Filter this data down to the lines that hold "view", and copy them.

Crawled caption data
____

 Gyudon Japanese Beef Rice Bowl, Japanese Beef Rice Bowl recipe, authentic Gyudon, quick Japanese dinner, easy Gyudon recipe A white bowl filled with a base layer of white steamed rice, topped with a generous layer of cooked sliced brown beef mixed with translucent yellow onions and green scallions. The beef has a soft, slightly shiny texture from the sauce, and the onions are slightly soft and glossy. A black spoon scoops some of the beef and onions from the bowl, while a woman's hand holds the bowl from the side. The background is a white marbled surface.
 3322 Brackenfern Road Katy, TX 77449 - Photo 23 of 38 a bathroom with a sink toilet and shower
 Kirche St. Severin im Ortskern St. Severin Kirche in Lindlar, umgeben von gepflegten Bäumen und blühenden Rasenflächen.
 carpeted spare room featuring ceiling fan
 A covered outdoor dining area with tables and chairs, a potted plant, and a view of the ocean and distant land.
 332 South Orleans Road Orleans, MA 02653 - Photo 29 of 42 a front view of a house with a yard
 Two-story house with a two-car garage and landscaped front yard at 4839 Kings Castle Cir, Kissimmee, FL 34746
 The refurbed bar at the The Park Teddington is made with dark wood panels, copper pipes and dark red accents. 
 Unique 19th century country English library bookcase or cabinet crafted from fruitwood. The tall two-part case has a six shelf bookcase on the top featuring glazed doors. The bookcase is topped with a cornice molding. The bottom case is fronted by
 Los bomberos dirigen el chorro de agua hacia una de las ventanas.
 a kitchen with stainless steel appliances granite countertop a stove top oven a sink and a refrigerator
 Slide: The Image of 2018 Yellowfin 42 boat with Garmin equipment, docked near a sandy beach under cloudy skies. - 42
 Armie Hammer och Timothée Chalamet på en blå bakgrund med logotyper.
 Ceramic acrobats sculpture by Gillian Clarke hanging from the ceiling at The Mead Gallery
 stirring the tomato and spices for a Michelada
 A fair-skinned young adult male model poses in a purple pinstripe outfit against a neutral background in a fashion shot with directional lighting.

____

• Worked solution
 A covered outdoor dining area with tables and chairs, a potted plant, and a view of the ocean and distant land.
 332 South Orleans Road Orleans, MA 02653 - Photo 29 of 42 a front view of a house with a yard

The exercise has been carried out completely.